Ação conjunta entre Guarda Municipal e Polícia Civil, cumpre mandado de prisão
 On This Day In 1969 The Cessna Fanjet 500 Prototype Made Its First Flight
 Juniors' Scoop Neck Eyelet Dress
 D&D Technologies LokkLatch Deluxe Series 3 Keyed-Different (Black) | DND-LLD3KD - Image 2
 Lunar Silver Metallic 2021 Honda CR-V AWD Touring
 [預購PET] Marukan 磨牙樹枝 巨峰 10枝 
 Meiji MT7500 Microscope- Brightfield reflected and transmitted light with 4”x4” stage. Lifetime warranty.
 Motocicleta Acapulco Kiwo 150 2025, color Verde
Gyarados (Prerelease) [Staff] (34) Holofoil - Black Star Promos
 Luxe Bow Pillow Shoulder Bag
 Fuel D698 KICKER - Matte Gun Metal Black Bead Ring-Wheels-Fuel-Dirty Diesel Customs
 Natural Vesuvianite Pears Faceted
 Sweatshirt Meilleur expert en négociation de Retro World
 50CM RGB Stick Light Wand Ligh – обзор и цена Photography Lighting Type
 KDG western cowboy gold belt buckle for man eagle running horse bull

++++++++

All of the entries must be quoted exactly; please include each one.

Ação conjunta entre Guarda Municipal e Polícia Civil, cumpre mandado de prisão
 On This Day In 1969 The Cessna Fanjet 500 Prototype Made Its First Flight
 Juniors' Scoop Neck Eyelet Dress
 D&D Technologies LokkLatch Deluxe Series 3 Keyed-Different (Black) | DND-LLD3KD - Image 2
 Lunar Silver Metallic 2021 Honda CR-V AWD Touring
 [預購PET] Marukan 磨牙樹枝 巨峰 10枝 
 Meiji MT7500 Microscope- Brightfield reflected and transmitted light with 4”x4” stage. Lifetime warranty.
 Motocicleta Acapulco Kiwo 150 2025, color Verde
Gyarados (Prerelease) [Staff] (34) Holofoil - Black Star Promos
 Luxe Bow Pillow Shoulder Bag
 Fuel D698 KICKER - Matte Gun Metal Black Bead Ring-Wheels-Fuel-Dirty Diesel Customs
 Natural Vesuvianite Pears Faceted
 Sweatshirt Meilleur expert en négociation de Retro World
 50CM RGB Stick Light Wand Ligh – обзор и цена Photography Lighting Type
 KDG western cowboy gold belt buckle for man eagle running horse bull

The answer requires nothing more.